==== DATASET EXCERPT

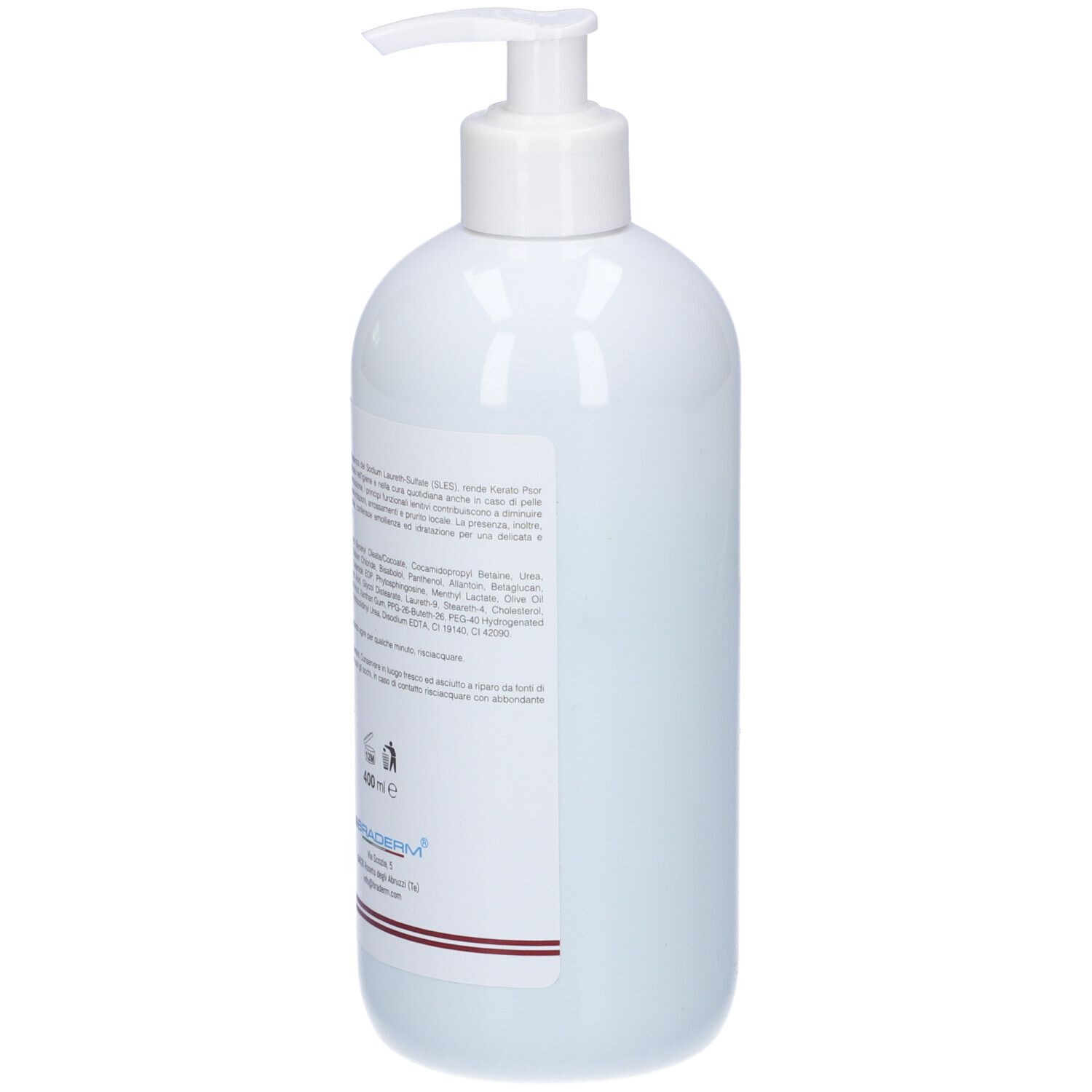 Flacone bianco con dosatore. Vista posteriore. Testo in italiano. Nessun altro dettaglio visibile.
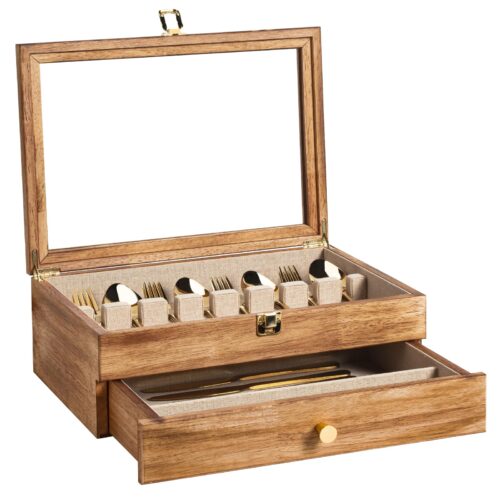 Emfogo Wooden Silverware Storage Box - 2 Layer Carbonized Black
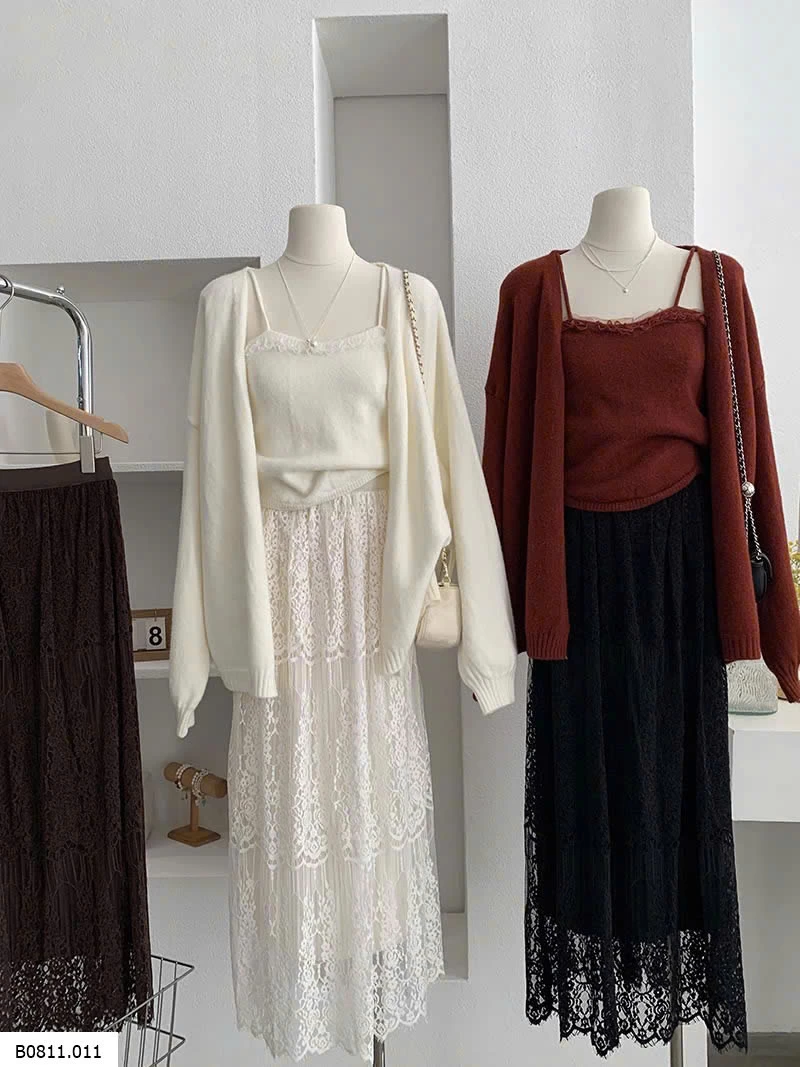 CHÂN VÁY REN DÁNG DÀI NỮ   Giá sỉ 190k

========

• YOUR GOAL
What you return should be only the lines from the line with "Emfogo Wooden Silverware" through the last line of the listing above, exactly, both ends included, pictures excluded.

• RESPONSE BELOW
 Emfogo Wooden Silverware Storage Box - 2 Layer Carbonized Black
 CHÂN VÁY REN DÁNG DÀI NỮ   Giá sỉ 190k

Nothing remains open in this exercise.